Severity set to 'wishlist' from 'normal' Request was from bob <at> proulx.com (Bob Proulx) to control <at> debbugs.gnu.org. (Mon, 07 Jun 2010 22:46:02 GMT) Full text and rfc822 format available.

Added tag(s) patch. Request was from bob <at> proulx.com (Bob Proulx) to control <at> debbugs.gnu.org. (Mon, 07 Jun 2010 22:46:02 GMT) Full text and rfc822 format available.

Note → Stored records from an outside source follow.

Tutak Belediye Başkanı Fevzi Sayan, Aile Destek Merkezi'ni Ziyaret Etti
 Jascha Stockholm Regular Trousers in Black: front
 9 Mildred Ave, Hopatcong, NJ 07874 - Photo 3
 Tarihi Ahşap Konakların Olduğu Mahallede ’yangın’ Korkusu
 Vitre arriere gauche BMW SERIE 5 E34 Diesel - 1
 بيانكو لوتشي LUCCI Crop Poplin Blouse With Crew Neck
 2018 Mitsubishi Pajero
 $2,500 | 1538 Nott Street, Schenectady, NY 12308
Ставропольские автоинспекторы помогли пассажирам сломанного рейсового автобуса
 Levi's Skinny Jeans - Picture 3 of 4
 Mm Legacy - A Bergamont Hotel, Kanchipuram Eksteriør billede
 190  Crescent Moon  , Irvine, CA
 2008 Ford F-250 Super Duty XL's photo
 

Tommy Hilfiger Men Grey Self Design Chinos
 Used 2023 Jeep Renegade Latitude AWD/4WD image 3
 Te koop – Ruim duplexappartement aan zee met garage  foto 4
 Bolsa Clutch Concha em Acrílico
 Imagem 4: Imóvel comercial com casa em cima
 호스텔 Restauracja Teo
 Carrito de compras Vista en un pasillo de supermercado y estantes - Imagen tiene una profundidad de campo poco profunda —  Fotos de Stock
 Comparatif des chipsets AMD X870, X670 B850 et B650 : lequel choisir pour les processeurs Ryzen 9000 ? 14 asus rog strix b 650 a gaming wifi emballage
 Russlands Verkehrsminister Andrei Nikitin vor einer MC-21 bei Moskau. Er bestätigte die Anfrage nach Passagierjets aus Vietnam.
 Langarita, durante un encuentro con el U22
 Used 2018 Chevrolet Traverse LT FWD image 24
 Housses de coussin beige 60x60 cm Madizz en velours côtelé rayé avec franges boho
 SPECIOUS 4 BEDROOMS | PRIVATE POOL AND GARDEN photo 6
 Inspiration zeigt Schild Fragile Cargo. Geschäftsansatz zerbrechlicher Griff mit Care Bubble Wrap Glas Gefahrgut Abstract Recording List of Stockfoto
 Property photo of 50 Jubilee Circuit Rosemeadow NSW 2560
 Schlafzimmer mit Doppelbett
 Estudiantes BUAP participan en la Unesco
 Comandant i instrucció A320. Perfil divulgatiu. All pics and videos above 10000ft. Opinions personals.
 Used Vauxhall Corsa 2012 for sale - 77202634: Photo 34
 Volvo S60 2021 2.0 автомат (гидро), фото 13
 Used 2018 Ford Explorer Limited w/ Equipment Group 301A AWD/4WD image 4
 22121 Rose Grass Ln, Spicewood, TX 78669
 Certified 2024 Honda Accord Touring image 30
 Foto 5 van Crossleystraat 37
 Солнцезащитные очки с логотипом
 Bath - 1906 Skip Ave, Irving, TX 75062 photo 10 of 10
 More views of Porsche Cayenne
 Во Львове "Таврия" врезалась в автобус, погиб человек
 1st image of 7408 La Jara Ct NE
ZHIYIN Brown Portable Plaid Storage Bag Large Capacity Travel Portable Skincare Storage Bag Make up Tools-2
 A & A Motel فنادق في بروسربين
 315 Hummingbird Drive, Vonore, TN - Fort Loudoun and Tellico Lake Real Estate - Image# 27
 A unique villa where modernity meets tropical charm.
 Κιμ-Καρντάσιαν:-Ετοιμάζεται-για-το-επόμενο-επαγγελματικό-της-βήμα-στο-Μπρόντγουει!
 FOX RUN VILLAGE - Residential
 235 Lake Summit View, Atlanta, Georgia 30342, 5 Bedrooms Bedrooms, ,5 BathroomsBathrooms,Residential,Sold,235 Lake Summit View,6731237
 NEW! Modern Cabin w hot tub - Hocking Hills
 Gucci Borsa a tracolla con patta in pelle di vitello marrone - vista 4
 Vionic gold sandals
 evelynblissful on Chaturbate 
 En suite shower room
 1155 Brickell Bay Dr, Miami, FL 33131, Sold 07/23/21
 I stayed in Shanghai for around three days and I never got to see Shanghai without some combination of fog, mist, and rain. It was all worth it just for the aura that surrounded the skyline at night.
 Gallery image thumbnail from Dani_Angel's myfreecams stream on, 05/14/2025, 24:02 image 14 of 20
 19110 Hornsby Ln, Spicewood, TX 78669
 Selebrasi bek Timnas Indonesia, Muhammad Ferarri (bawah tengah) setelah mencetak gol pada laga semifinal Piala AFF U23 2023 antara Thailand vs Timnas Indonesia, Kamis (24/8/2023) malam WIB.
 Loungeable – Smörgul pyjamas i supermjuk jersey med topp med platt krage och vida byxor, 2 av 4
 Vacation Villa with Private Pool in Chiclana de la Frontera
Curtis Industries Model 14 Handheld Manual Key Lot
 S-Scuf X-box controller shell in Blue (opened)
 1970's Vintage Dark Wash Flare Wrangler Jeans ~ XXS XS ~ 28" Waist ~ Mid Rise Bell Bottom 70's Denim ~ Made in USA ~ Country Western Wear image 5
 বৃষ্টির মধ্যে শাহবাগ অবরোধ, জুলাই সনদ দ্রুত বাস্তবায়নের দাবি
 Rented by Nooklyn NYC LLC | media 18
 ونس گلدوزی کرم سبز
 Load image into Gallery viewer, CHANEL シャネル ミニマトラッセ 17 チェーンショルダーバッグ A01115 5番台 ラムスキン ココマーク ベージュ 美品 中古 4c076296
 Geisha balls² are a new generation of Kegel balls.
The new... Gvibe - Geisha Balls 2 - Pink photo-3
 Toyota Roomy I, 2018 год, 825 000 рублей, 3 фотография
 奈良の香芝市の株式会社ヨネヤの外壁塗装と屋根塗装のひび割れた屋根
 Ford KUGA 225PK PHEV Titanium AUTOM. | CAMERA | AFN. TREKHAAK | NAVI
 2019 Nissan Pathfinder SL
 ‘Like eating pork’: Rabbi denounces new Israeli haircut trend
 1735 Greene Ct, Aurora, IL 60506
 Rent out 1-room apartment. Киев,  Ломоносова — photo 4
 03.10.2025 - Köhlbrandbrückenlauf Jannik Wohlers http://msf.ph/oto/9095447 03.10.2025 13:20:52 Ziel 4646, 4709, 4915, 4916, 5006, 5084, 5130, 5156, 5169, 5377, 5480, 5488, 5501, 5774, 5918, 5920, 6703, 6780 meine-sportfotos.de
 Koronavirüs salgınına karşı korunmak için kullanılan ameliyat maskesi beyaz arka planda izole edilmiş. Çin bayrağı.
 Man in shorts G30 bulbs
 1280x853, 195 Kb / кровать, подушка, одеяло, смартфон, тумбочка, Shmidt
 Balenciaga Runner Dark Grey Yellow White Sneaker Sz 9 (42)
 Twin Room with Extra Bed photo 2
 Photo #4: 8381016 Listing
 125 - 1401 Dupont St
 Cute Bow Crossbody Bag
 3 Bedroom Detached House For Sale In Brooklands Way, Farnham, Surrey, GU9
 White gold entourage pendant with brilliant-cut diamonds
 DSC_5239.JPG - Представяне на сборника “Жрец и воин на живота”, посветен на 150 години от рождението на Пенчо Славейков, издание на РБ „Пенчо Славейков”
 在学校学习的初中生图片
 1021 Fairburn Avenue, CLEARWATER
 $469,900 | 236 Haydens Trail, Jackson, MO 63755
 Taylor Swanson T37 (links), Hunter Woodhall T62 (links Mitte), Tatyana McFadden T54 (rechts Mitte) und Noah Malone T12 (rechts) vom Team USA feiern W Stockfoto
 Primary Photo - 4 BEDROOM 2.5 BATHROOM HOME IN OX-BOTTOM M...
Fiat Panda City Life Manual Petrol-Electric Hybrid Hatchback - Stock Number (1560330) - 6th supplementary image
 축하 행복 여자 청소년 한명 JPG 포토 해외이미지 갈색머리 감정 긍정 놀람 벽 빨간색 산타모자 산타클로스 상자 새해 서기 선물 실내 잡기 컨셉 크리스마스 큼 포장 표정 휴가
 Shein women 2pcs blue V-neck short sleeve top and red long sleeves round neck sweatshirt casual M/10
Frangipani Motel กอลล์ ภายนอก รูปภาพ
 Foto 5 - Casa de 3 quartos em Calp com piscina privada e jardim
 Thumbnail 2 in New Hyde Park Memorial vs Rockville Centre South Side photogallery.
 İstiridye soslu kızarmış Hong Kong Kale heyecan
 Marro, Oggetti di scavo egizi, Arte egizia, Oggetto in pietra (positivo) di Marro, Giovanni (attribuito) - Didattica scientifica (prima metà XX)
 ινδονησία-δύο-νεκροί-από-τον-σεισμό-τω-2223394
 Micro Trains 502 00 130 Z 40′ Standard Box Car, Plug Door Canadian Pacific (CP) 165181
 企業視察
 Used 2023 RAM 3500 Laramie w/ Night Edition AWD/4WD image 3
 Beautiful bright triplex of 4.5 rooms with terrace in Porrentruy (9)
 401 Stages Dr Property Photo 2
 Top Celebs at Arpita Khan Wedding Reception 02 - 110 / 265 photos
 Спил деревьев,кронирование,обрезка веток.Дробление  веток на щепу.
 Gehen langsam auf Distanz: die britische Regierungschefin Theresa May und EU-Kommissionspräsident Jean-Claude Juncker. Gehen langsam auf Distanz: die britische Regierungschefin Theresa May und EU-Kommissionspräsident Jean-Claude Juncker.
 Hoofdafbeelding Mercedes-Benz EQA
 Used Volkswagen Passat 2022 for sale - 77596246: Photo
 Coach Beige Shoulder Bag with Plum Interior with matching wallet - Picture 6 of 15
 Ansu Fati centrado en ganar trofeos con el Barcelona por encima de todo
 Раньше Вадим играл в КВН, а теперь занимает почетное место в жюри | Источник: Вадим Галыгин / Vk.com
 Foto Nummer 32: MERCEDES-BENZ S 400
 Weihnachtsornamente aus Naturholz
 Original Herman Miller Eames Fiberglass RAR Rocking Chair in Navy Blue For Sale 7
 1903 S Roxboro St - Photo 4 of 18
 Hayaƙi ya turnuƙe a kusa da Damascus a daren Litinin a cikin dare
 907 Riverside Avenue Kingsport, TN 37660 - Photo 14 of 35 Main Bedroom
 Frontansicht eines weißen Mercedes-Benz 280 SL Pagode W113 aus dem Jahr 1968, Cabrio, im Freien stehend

Information forwarded to owner <at> debbugs.gnu.org, bug-coreutils <at> gnu.org:
bug#6366; Package coreutils. (Mon, 07 Jun 2010 23:00:03 GMT) Full text and rfc822 format available.

Message #12 received at 6366 <at> debbugs.gnu.org (full text, mbox):

From: Pádraig Brady <P <at> draigBrady.com>
To: Alex Shinn <alexshinn <at> gmail.com>
Cc: 6366 <at> debbugs.gnu.org
Subject: Re: bug#6366: join can't join on numeric fields
Date: Mon, 07 Jun 2010 23:59:13 +0100
On 07/06/10 06:19, Alex Shinn wrote:
> Hi,
> 
> Ideally join should be able to handle files sorted in any order
> that sort provides, but as a bare minimum it should at least
> be able to join files sorted on numeric fields.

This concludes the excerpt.